This future depends on many things, among them 1) continued rapid growth and maturation of solar, electric vehicle and building energy management industries; 2) abundant and favorable financing for renewable energy and retrofit projects; and 3) local energy services designed with local energy usage profiles and local energy resource development opportunities in mind.
It also depends on an electric utility that is prepared to accept and nurture that future. Do we have that now?
Pacific Gas & Electric Co. provides some of what we need: rebates for renewable and efficient energy, accessible information on energy use, smart meters and purchase of surplus renewable energy (mostly solar ) at low prices. The state, acting through its Public Utilities Commission, has required it. But much of this is under attack and could change.
PG&E is, after all, a private company owned by its shareholders. It must provide a return on its investment. As a state-regulated utility, PG&E is allowed rates high enough to cover all of its costs plus a return on investment that is currently about 10 percent. Like other regulated investor-owned utilities, PG&E is allowed a return on investment based in part on its generating capacity and distribution infrastructure. The more investment in big, centralized power plants and transmission lines, the higher the return.
Although the California Public Utilities Commission counts energy conservation in its calculations of allowed return, success in reducing use of the company’s product does little for its bottom line. The “distributed power” energy future that is good for Davis is threatening to the current investor-owned utilities.
A new state law, SB 43, authored by Sen. Lois Wolk, D-Davis, could provide a boost for Davis’ new energy future. It requires 600 megawatts (MW) of solar gardens throughout the state, and sets aside 20 MW for Davis. The city of Davis would like to own and operate the 20 MW and fund it by selling shares to local ratepayers and other investors. It would like to provide utility bill credits to local investors that would represent a fair return on the investment.
But PG&E has its own plan: It would own the solar gardens; it would charge customers a higher rate for buying into the project; it would give a bill credit not big enough to make up for the increase; and it would give no guarantee that the solar gardens would be built in or near Davis. The final decision is in the hands of the CPUC, where the city is a party to the proceeding.
PG&E and almost all other investor-owned utilities are working from a business plan that is more than a century old, dating back to Thomas Edison.
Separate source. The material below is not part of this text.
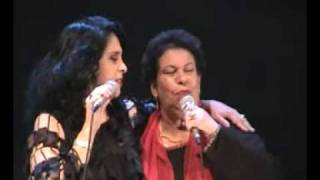 Gal Costa Nana Caymmi e Danilo Caymmi  Saudade da Bahia [upl. by Hnamik]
The industry is resisting the need to come up with a business model that works with the new world of climate change and emerging clean, low-cost clean energy technology.
But, the fundamentals of the industry are being questioned. Must we continue to rely exclusively on huge remote power-generating stations that require long, leaky transmission lines that are difficult to permit? Even when these big facilities deliver solar or wind energy, they are environmentally controversial and hard to sell to regulators and the public.
These issues will take a long time to resolve. In the meantime, public power provided by locally owned utilities accounts for about 25 percent of California’s electric power, generally at lower rates that those of private utilities. Some, like the Sacramento Municipal Utility District, are innovative and advanced in their planning for a grid that accommodates renewable energy and efficiency and distributed, local sources of power.
The city of Davis has revived its interest in a municipal electric utility and has authorized a thorough study by local and outside experts to determine whether 1) rates can be reduced, 2) energy can be cleaner, 3) power can be more reliable and 4) whether the city can realize significant economic benefits.
Until all the facts are on the table, Davisites should keep an open mind for the facts and a closed mind to speculation and disinformation.
— Mark Braly, Gerald Braun, Richard Bourne, William Knox, Alan Pryor and Eugene Wilson are members of the Coalition for Local Power.